The main assumption of RIM is that the slopes of all sites are similar and only the intercepts differ between sites. Using just a few small trees to calibrate the model for the entire D range implies that the slope parameters are informed primarily by the observations from other locations, whereas the site-specific sample will inform mainly the intercept. In other words, the reduced sample of small trees is used mainly to calibrate the intercept, whereas the slope parameters are derived from the species-specific dataset (generic dataset).

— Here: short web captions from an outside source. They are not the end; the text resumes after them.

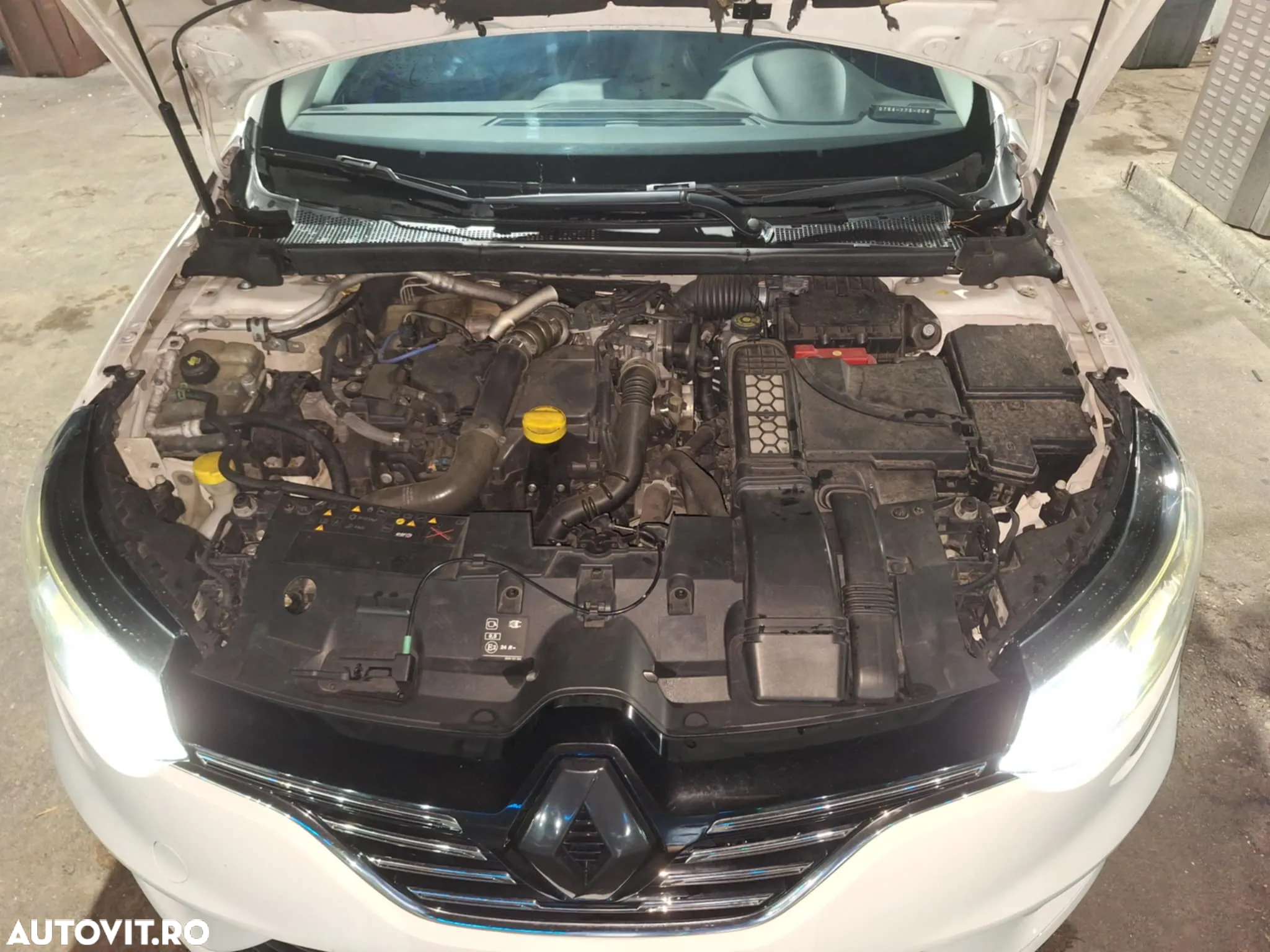 Renault Megane ENERGY dCi 110 INTENS - 9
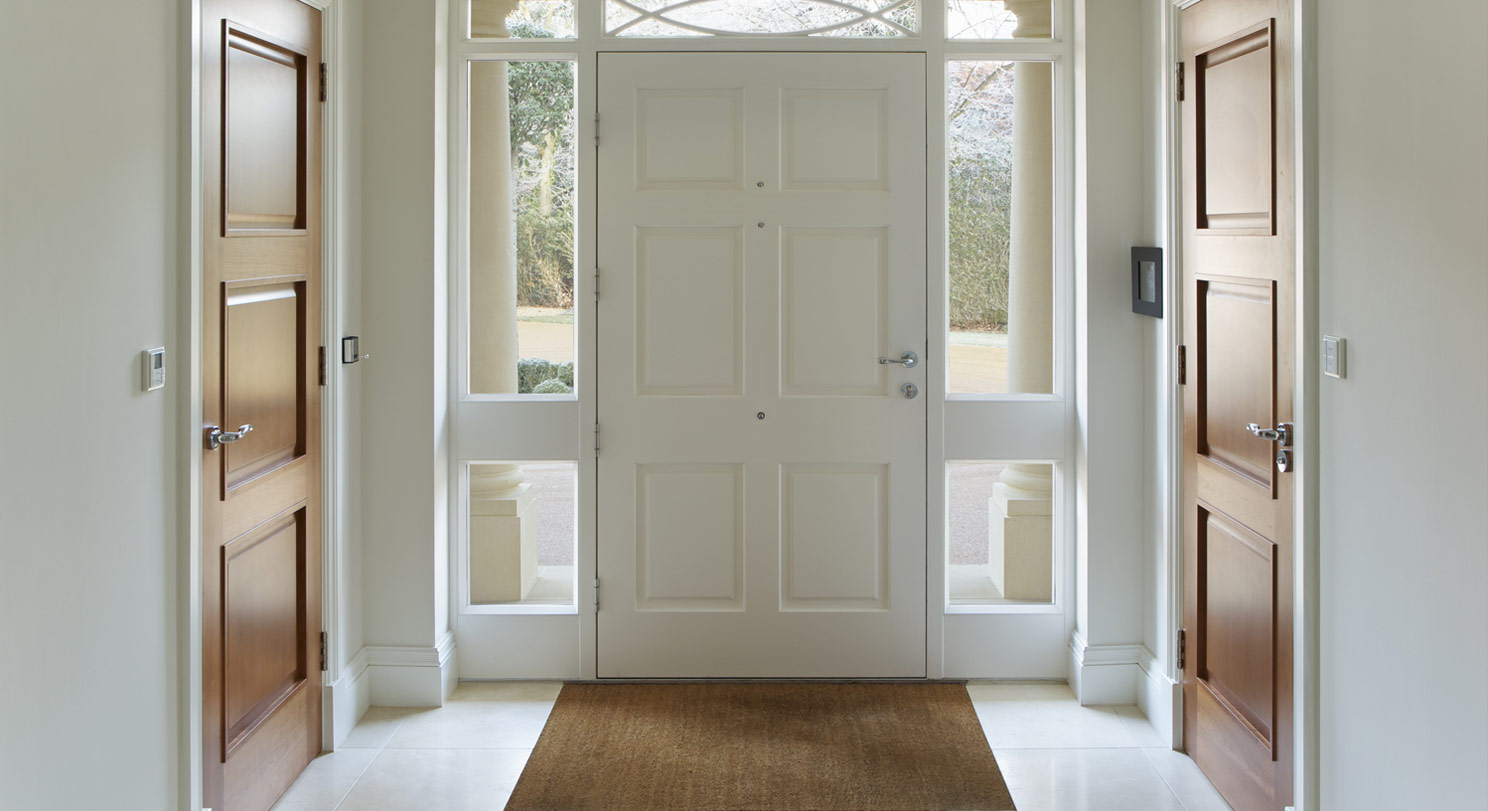 4 Sure Reasons to Get New Interior Doors Installed House Integrals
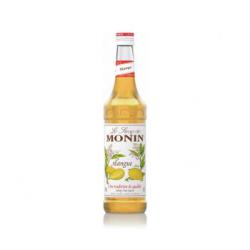 Syrop o smaku mango (700 ml) - Monin 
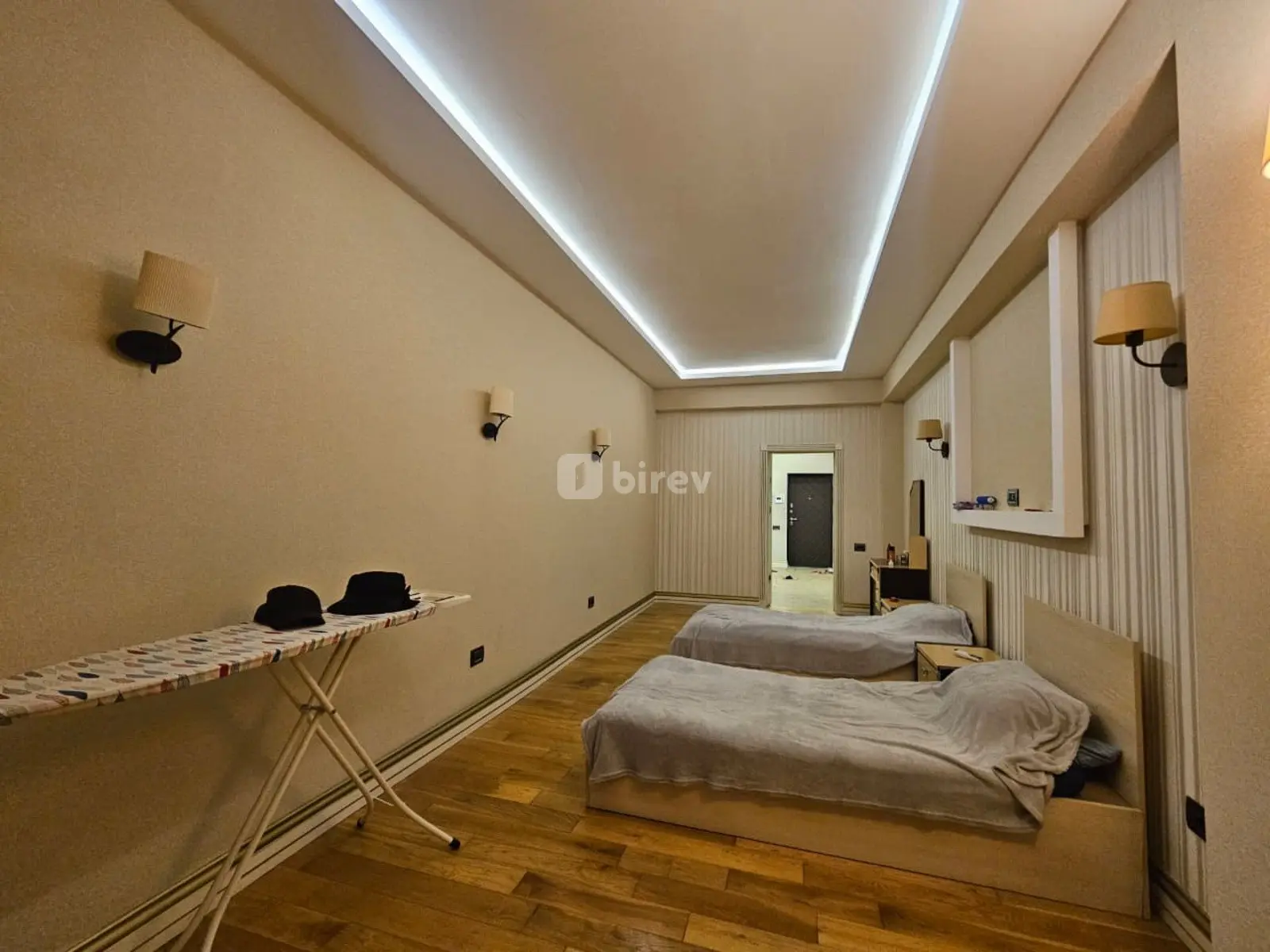 4-комнатная квартира, Наримановский район, H.Əliyev pr., Баку — фото 8
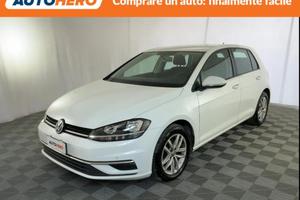 VOLKSWAGEN Golf ZM05588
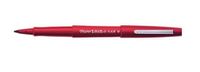 Paper Mate Flair - Fijnschrijvers - rood - 12 stuks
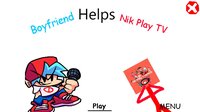 Boyfriend Helps Nik Play TV screenshot, image №3175047 - RAWG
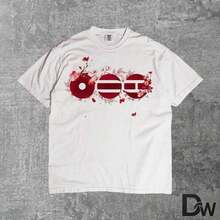 Arirang World Tour 2026, Camiseta Army, Camiseta de Concierto Bangtan para Fans, Camiseta de Regalo para Amantes del , Camiseta Gráfica para Fans del Pop Coreano Cuello Redondo Algodón 100% Tejido Suave Manga Corta Transpirable y Fresca - Blanco - Ver 8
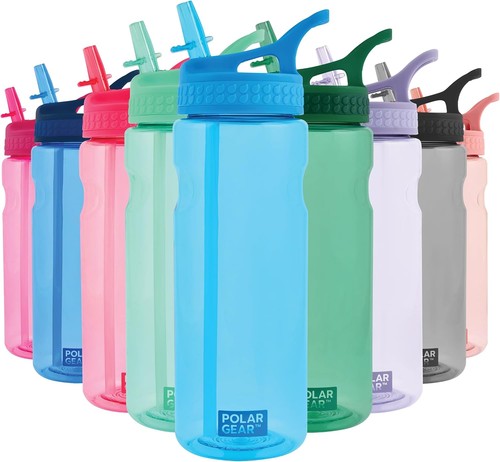 Polar gear aqua grip water - aqua,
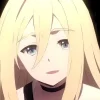 😀 Эмодзи «Satsuriku no Tenshi» для Telegram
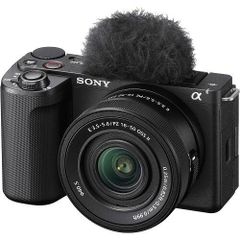 SONY ZV-E10M2スタートセット SDカード128GB - メルカリ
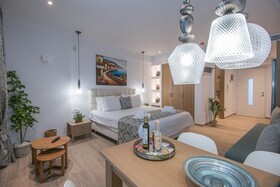 Ammos Lux Apartments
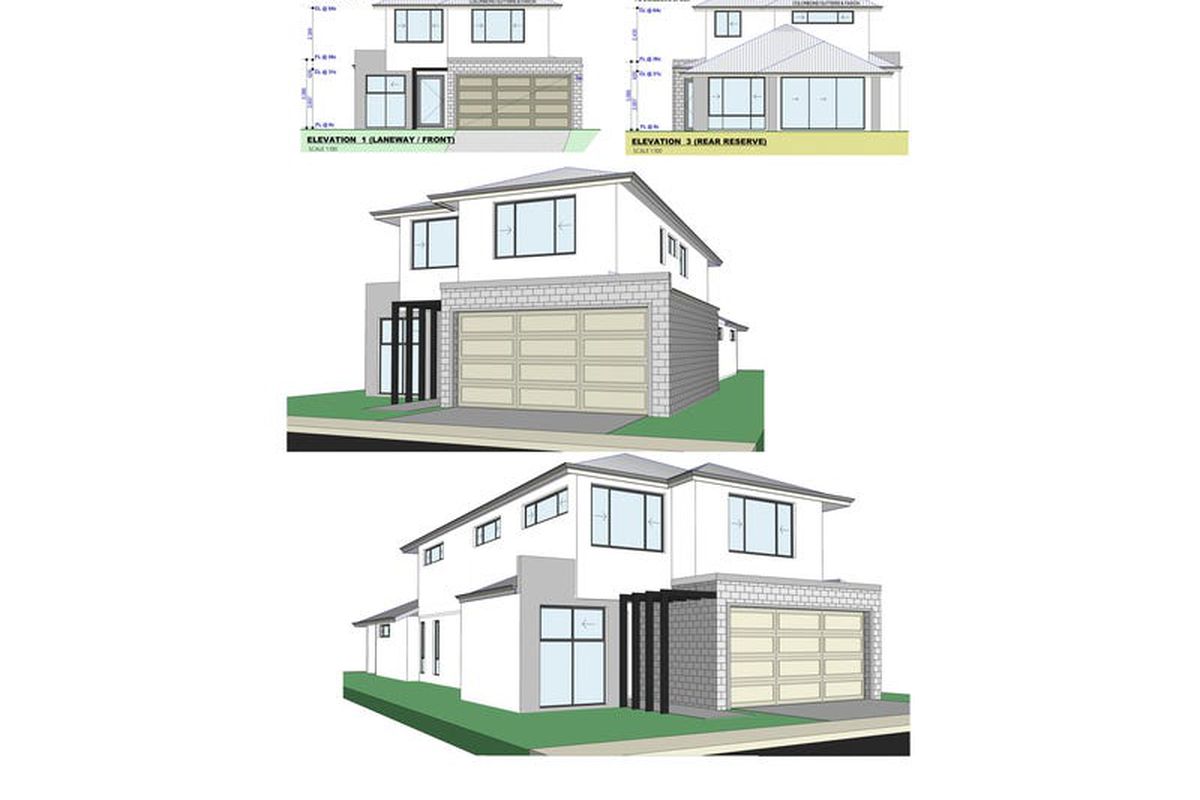 Lot 13, 12 Loder Way, South Guildford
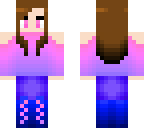 pink and purple gradient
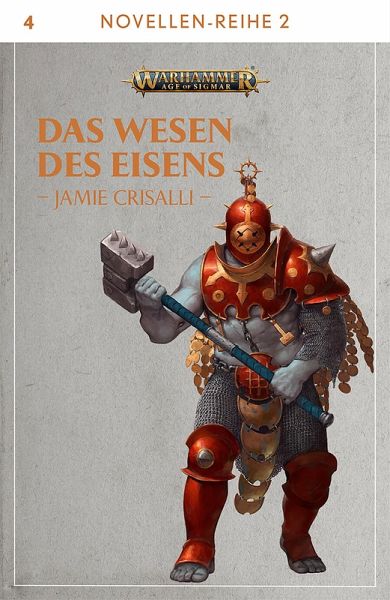Das Wesen des Eisens (eBook, ePUB) Das Wesen des Eisens (eBook, ePUB)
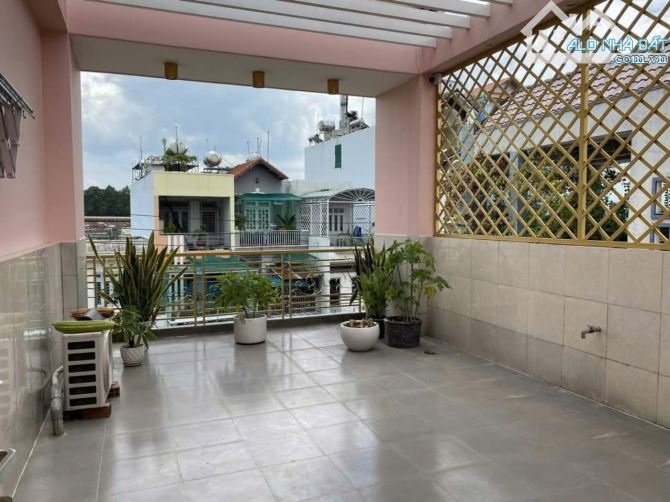 THÔNG SỐ HIẾM-HẺM TO NHÀ RỘNG-GIÁ CỰC TỐT-NHÀ 4×20-4TẦNG-HẺM 8M-NGUYÊN SÚY TÂN PHÚ- 8.6 TỈ - 4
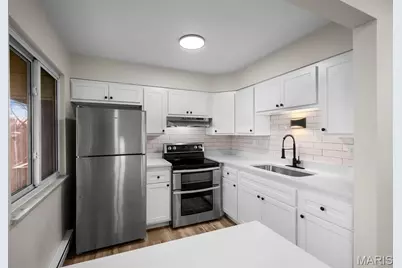9924 Bunker Hill Drive #G, Saint Louis, MO 63123 - Photo 9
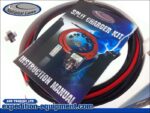 National Luna Split Charger Kit - Image 4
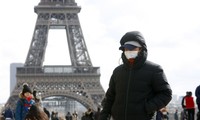 Eropa Jadikan Kawasan  Terkena Dampak Paling Parah Akibat Pandemi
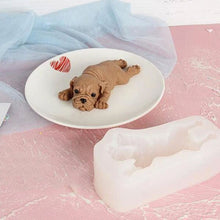 Load image into Gallery viewer, 3D Mousse Pudding Ice Cream Mold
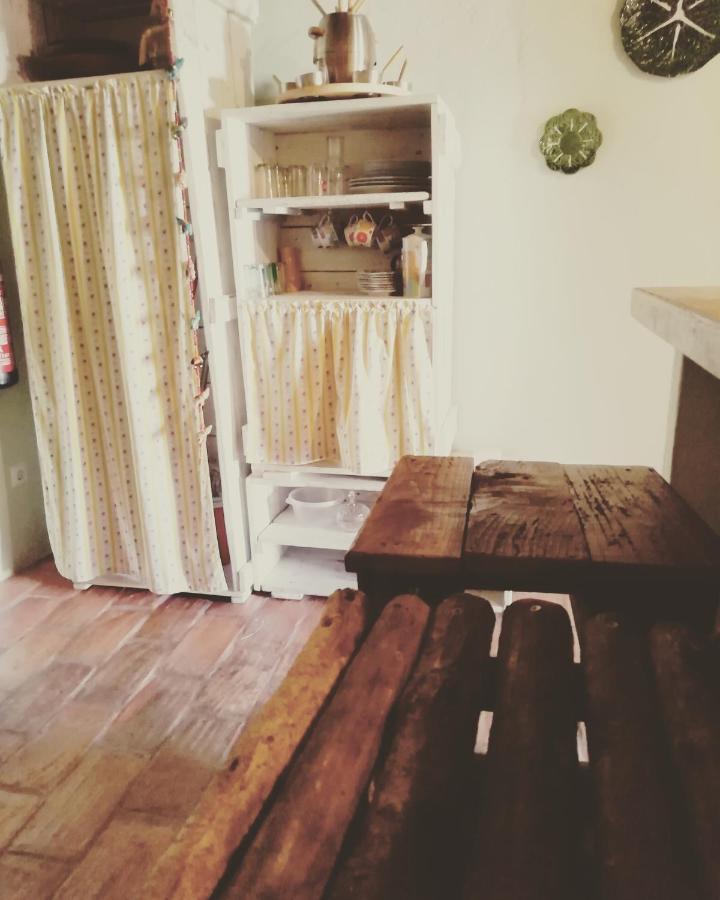 Casa Do Patio- Bed & Breakfast- City Center 포르탈레그르 외부 사진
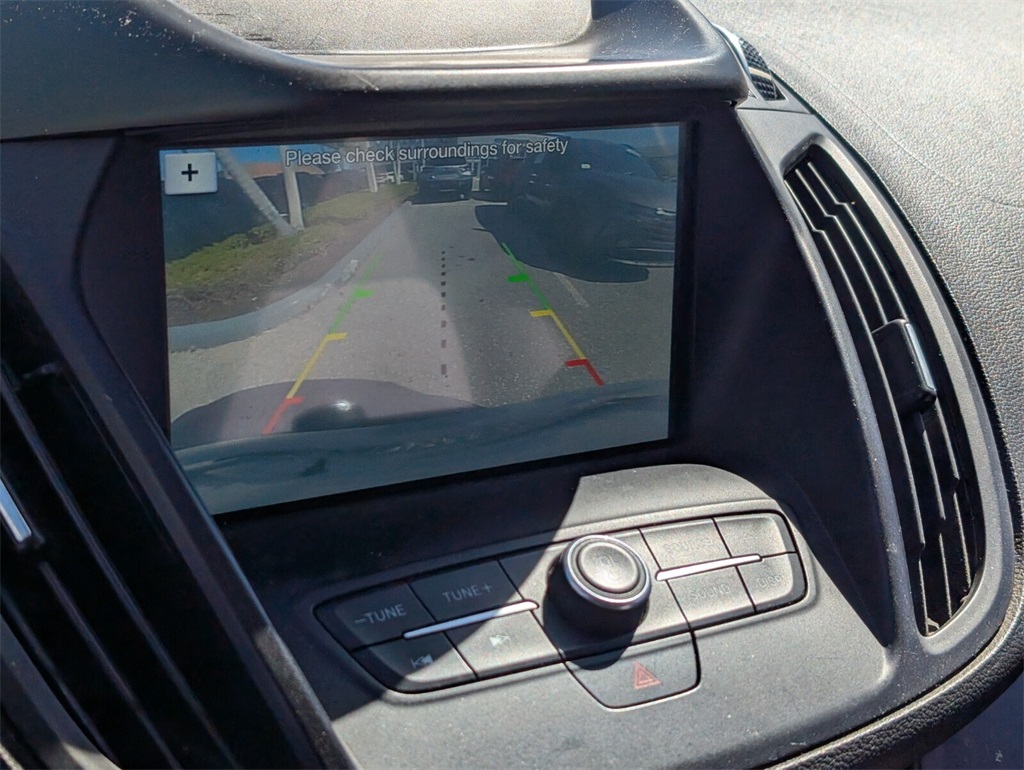 used 2018 Ford Escape car, priced at $5,999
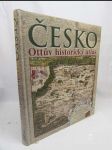 Ottův historický atlas - Česko - náhled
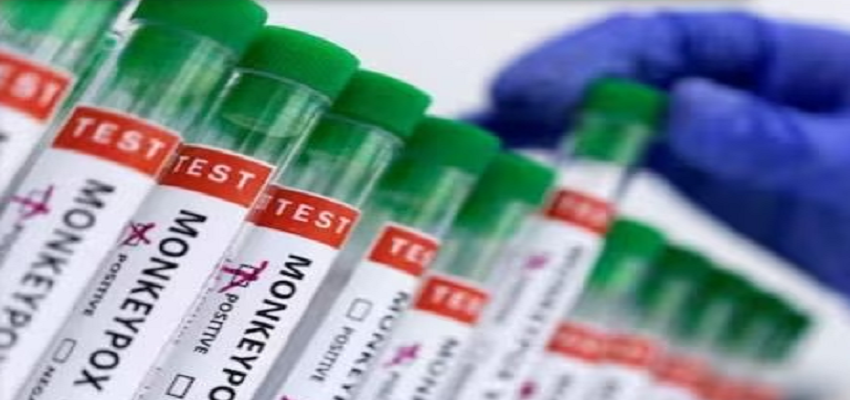 मंकीपॉक्स को लेकर WHO की घोषणा, ग्लोबल हेल्थ इमरजेंसी से किया गया बाहर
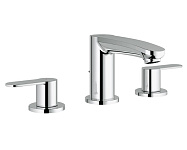 Картинка Смеситель для умывальника GROHE Eurostyle Cosmopolitan арт. 20208002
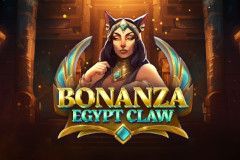 Bonanza Egypt Claw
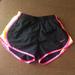 Nike Bottoms | Black Nike Running Shorts | Color: Black | Size: Mg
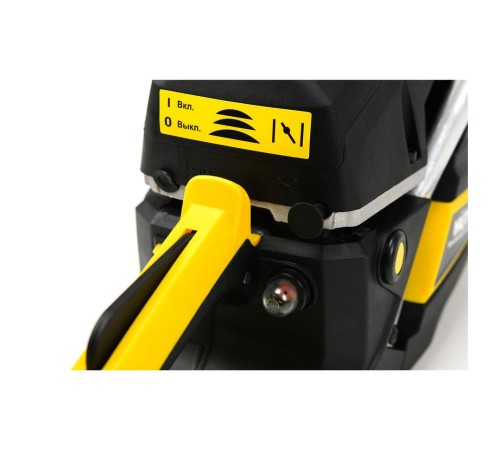 Бензопила Huter BS-2,8/50RS Бензопила Huter BS-2,8/50RS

A reduced sample of small trees can successfully be used to calibrate an allometric model locally, however, special attention should be given to:
- (a)
The H-D ratio, which should be checked in advance. As we observed in our analysis with silver fir trees, the H-D ratio can affect the parameter estimates, which affect further the performance of small trees sample approach. Therefore, the user should check whether the H-D ratio decreases relatively linearly with the increase in tree size.
- (b)
Either a random intercept model or a Bayesian model can be used with the reduced sample approach. Preference to one of the methods can be decided based on the raw data availability. Nevertheless, access to raw observations should not be an issue given the increasing trend in publication of biomass datasets, e.g., [
44,
55,
56,
57,
58].
- (c)
The generic biomass sample should contain as many species-specific observations as possible, including very large trees (D-range should match that of the local population for which the models are developed).
- (d)
The reduced sample of small trees should contain a large enough number of trees to calibrate mainly the intercept; at least 6–7 trees should be used (the greater the number, the better the result). It is recommended that trees with D < 5 cm should not be used with the reduced sample approach, since the allometry of very small trees can be affected by the competition with herbaceous plants.
- (e)
Using the reduced sample approach should always be performed using no less than D and H as predictors; other additional predictors can be used, because using both variables, the biomass estimates were more precise.